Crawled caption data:
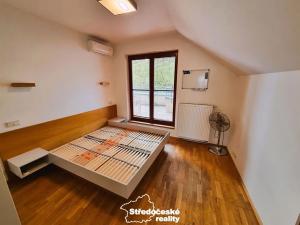 Pronájem bytu 2+kk, Praha - Dejvice, Lindleyova, 57 m2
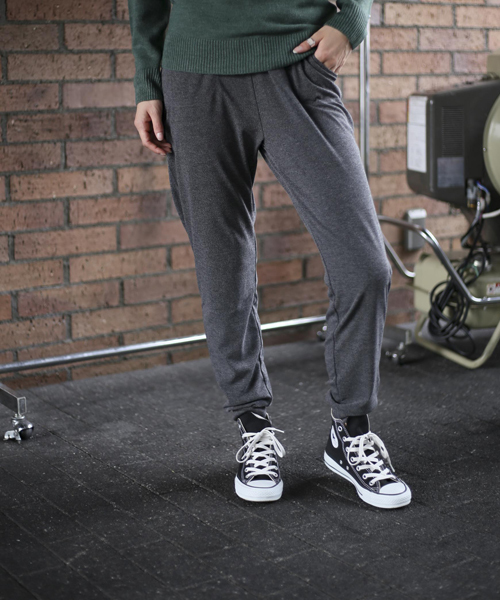 Denime（ドゥニーム）の「リラックスニットソーパンツ（その他パンツ・レディース・ブラック/グレー・FREE）」の3枚目の写真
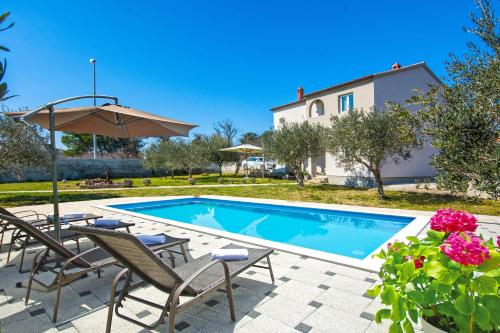 Family friendly house with a swimming pool Nin Zadar 19431 — 4-Star Luxury Hotel in Nin, Croatia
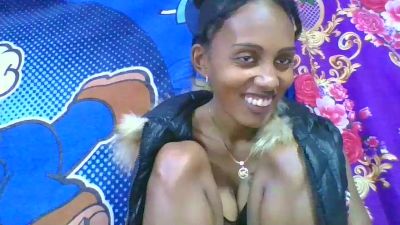 ninie22 live cam on Cam4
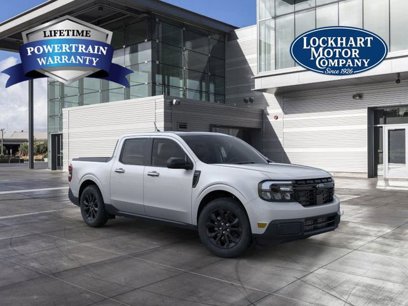 New 2024 Ford Maverick Lariat w/ Black Appearance Package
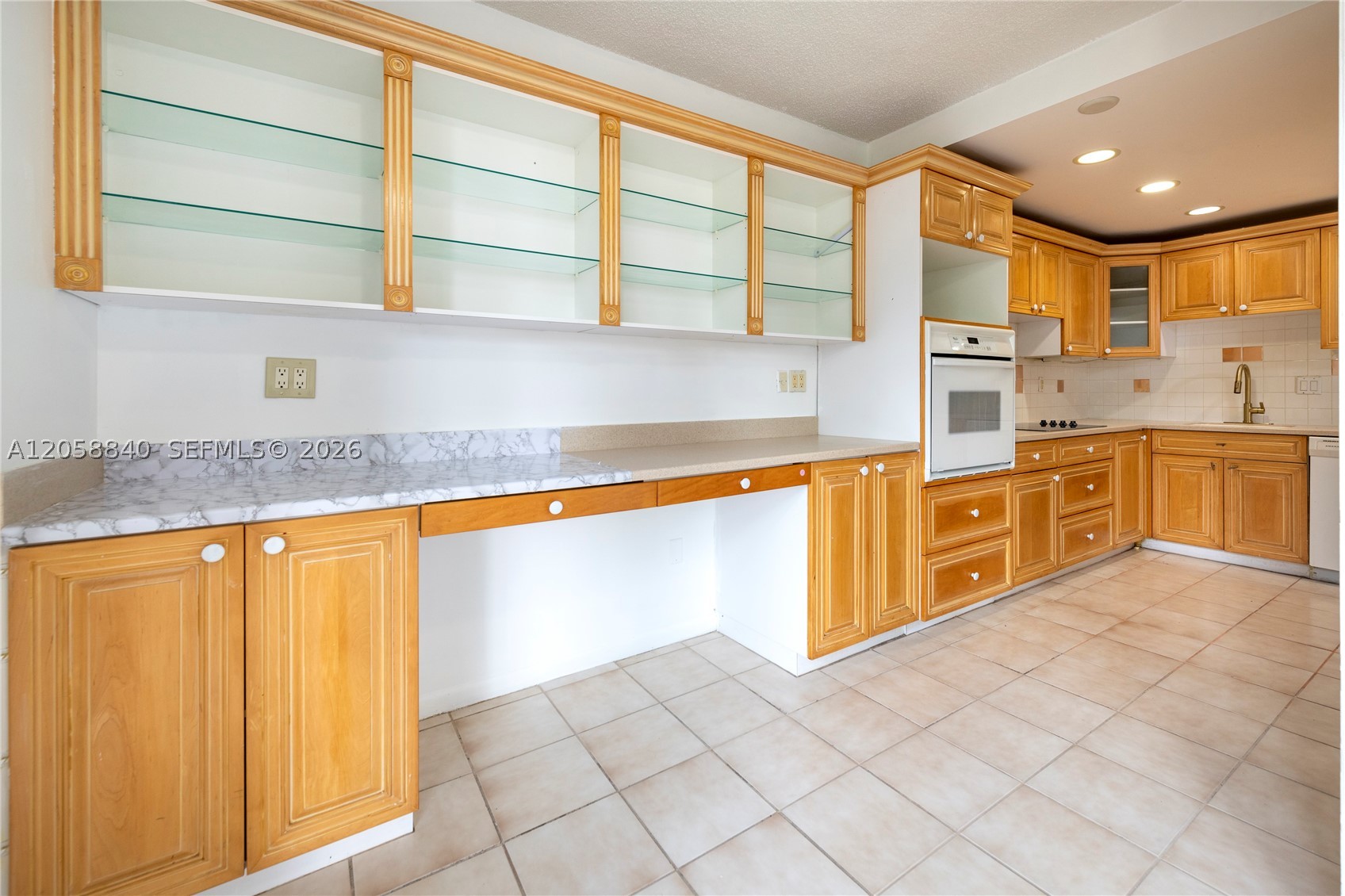 LAFAYETTE CONDO - Residential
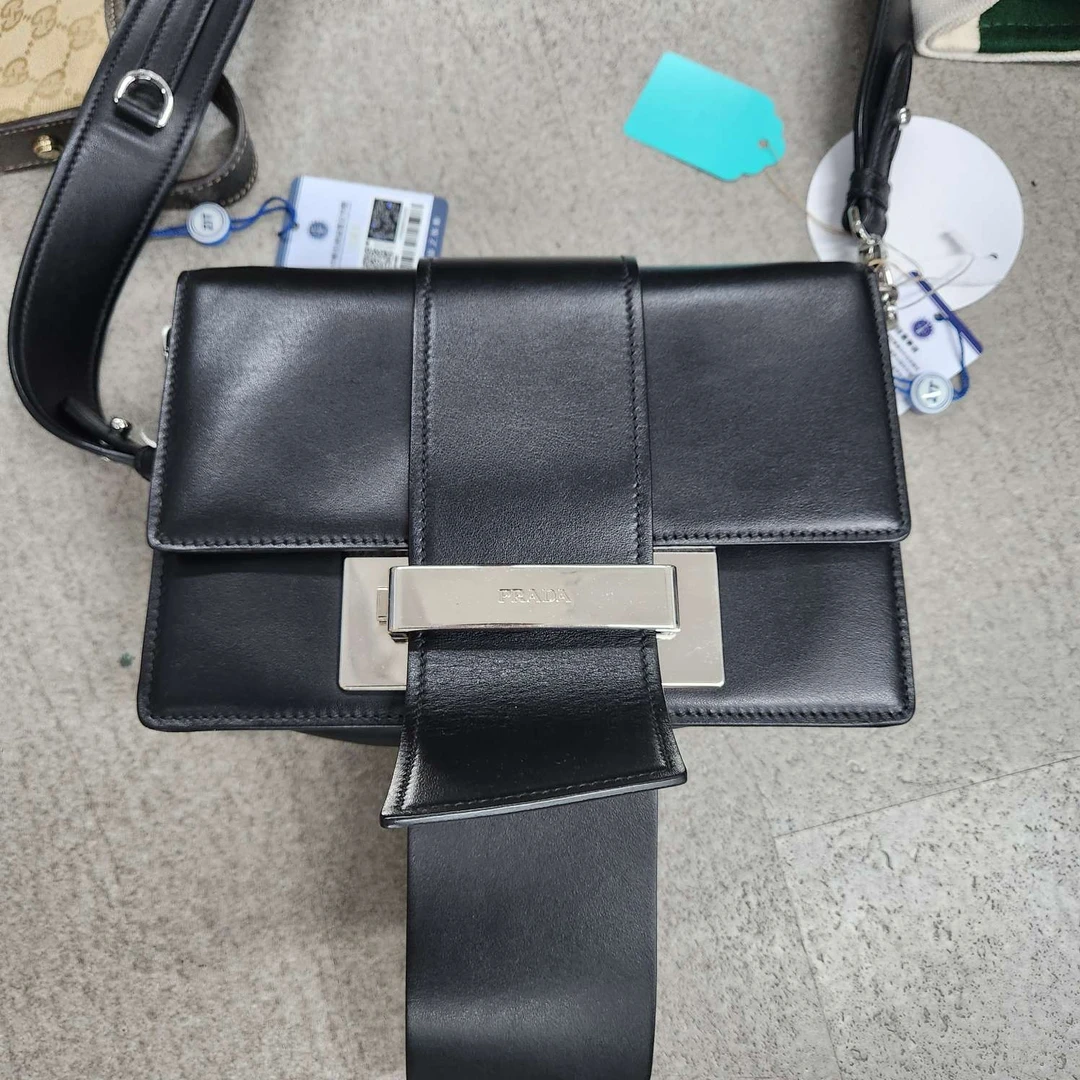 95新 Prada/普拉达 /KIKI/单肩包/15330315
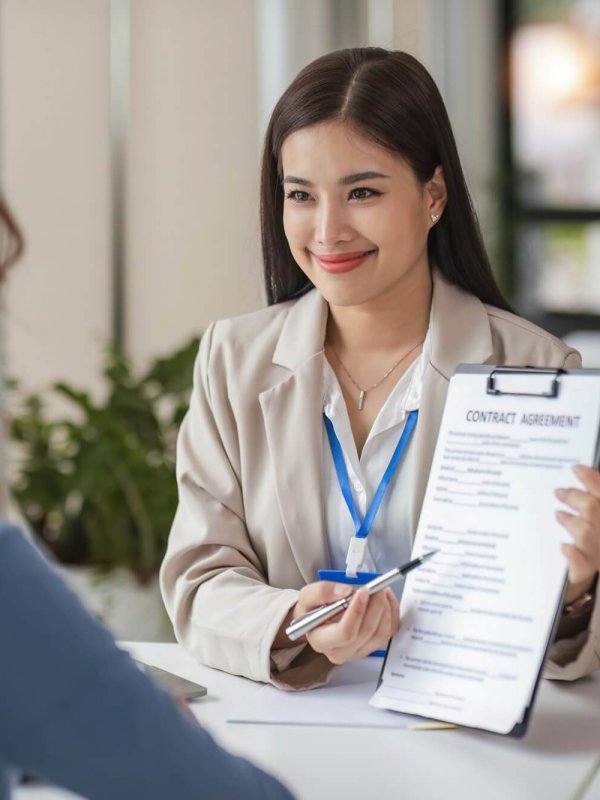 Insurance dealers are making offers to customers who want to buy insurance.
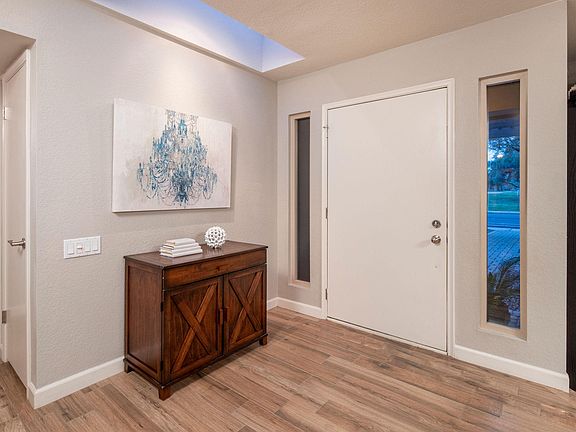 4th image of 5651 E Sweetwater Ave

Assignment:
Please print each entry exactly as given and keep pictures out of it.

The answer:
 Pronájem bytu 2+kk, Praha - Dejvice, Lindleyova, 57 m2
 Denime（ドゥニーム）の「リラックスニットソーパンツ（その他パンツ・レディース・ブラック/グレー・FREE）」の3枚目の写真
 Family friendly house with a swimming pool Nin Zadar 19431 — 4-Star Luxury Hotel in Nin, Croatia
 ninie22 live cam on Cam4
 New 2024 Ford Maverick Lariat w/ Black Appearance Package
 LAFAYETTE CONDO - Residential
 95新 Prada/普拉达 /KIKI/单肩包/15330315
 Insurance dealers are making offers to customers who want to buy insurance.
 4th image of 5651 E Sweetwater Ave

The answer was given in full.